- [Exercise prompt] In the material below, begin at the line that has "5050 Greenwich Preserve", stop after the line that has "A pair of bronze", and transcribe those lines exactly, without pictures.

- [Data for analysis]
"""
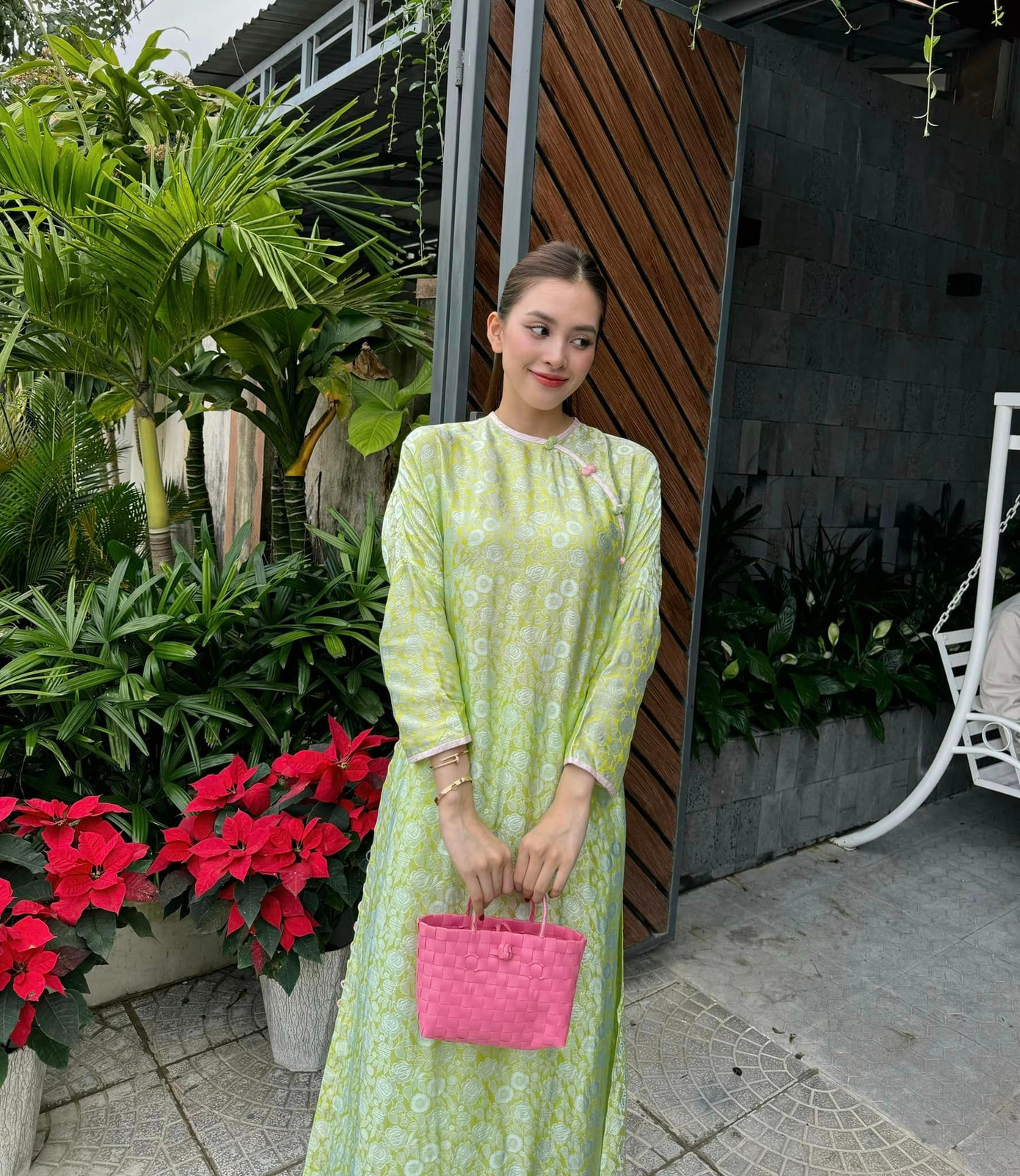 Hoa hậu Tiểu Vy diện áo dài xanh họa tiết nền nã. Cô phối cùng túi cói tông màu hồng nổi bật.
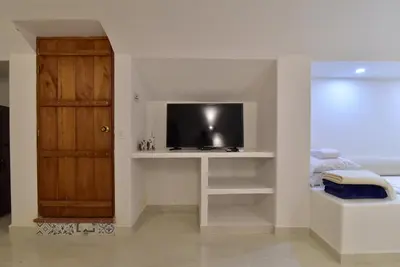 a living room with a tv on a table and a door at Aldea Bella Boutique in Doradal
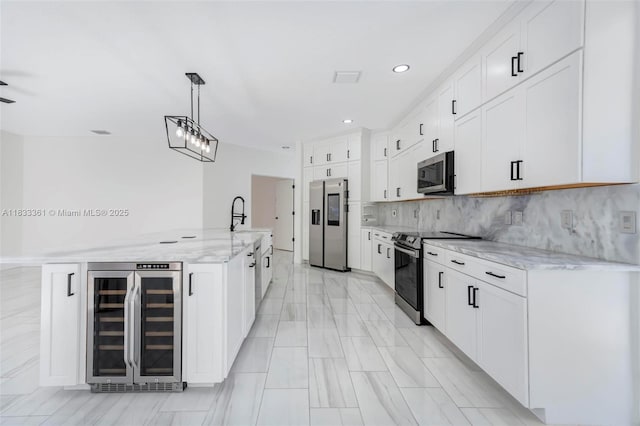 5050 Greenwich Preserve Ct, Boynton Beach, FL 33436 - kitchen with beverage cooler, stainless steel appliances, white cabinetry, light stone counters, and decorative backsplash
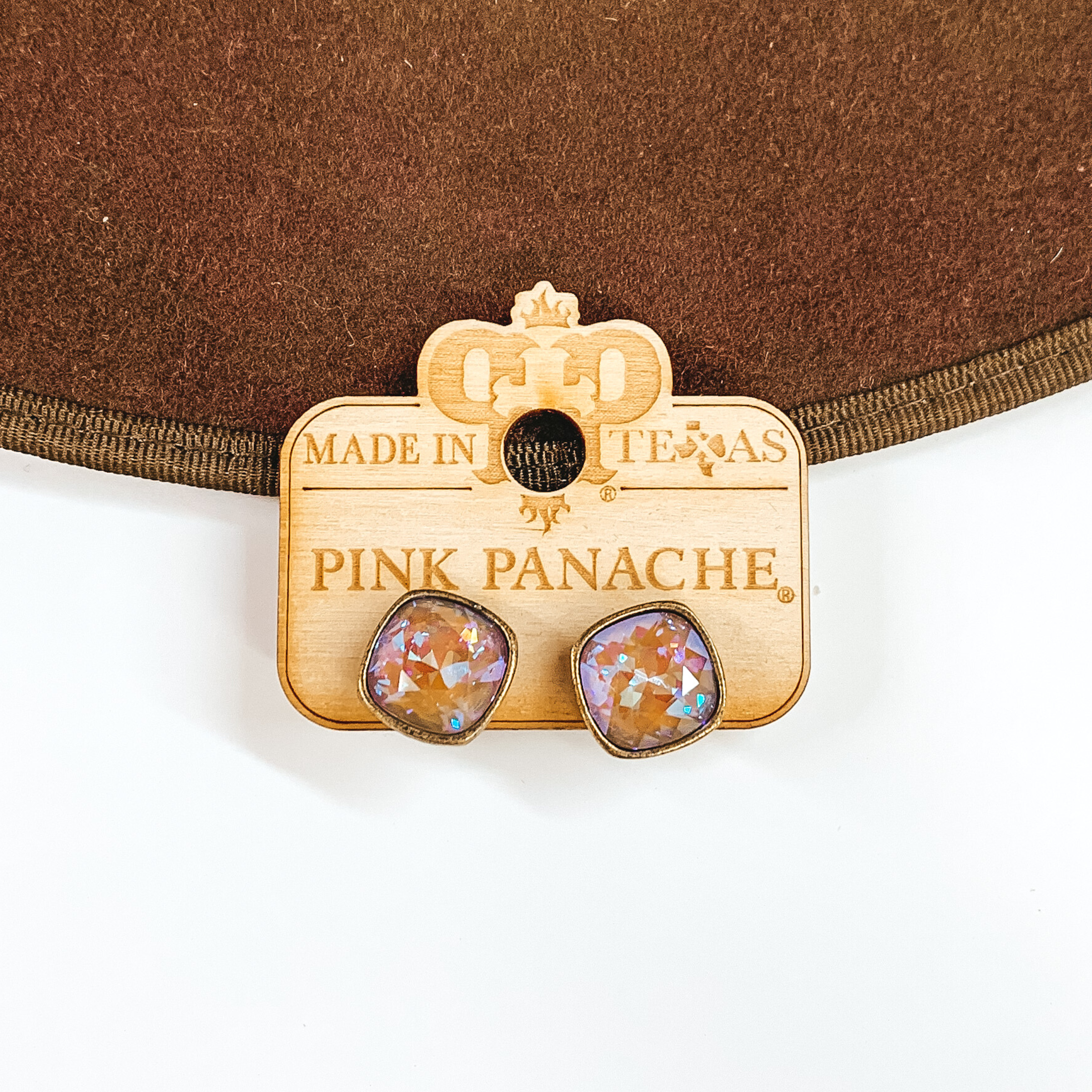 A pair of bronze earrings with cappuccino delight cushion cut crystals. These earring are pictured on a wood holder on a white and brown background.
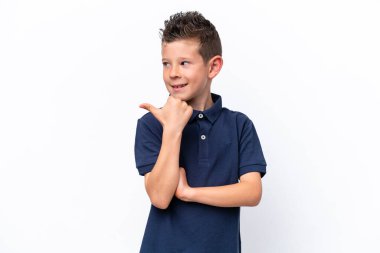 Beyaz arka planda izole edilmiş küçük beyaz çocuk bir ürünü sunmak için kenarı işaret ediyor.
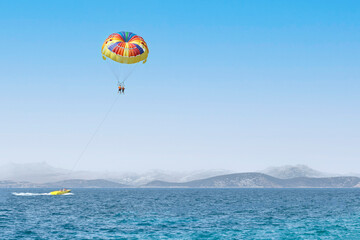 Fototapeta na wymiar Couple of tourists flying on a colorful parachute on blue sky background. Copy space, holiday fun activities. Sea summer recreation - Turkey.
"""
"""
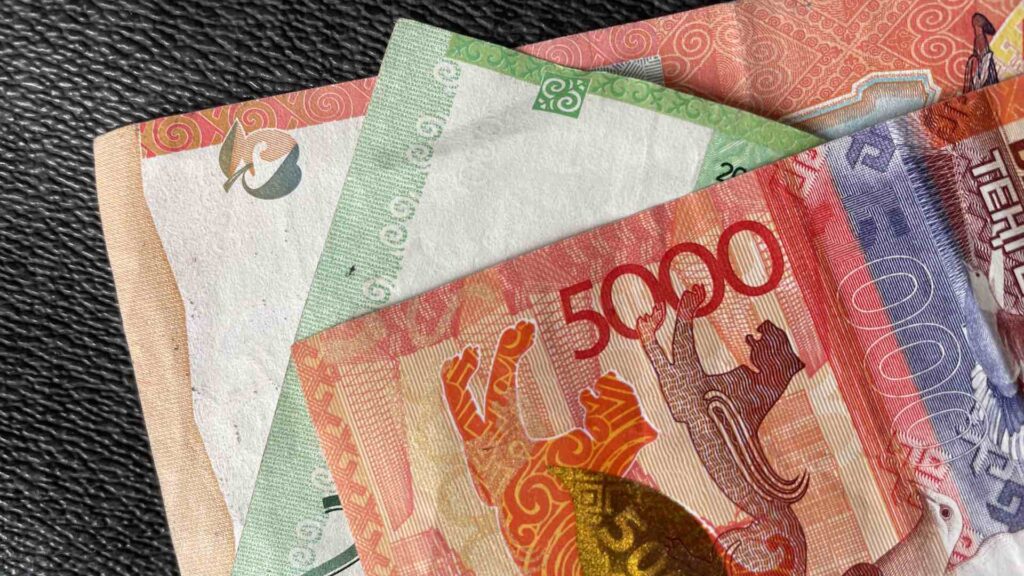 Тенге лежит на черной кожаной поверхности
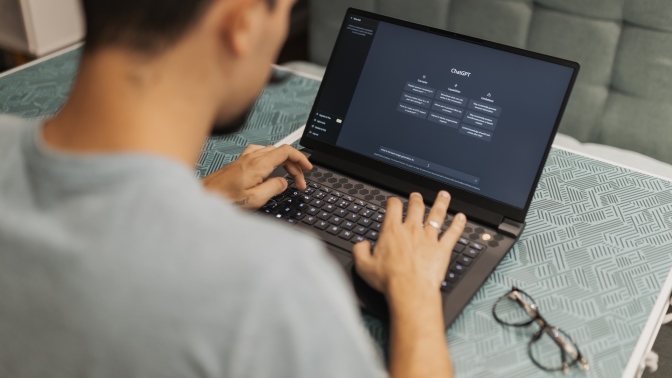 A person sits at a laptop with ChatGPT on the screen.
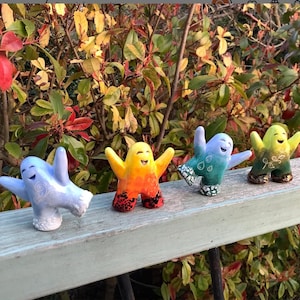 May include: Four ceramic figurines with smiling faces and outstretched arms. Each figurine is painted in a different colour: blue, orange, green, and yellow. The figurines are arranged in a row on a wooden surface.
"""
- [Solved problem]
 5050 Greenwich Preserve Ct, Boynton Beach, FL 33436 - kitchen with beverage cooler, stainless steel appliances, white cabinetry, light stone counters, and decorative backsplash
 A pair of bronze earrings with cappuccino delight cushion cut crystals. These earring are pictured on a wood holder on a white and brown background.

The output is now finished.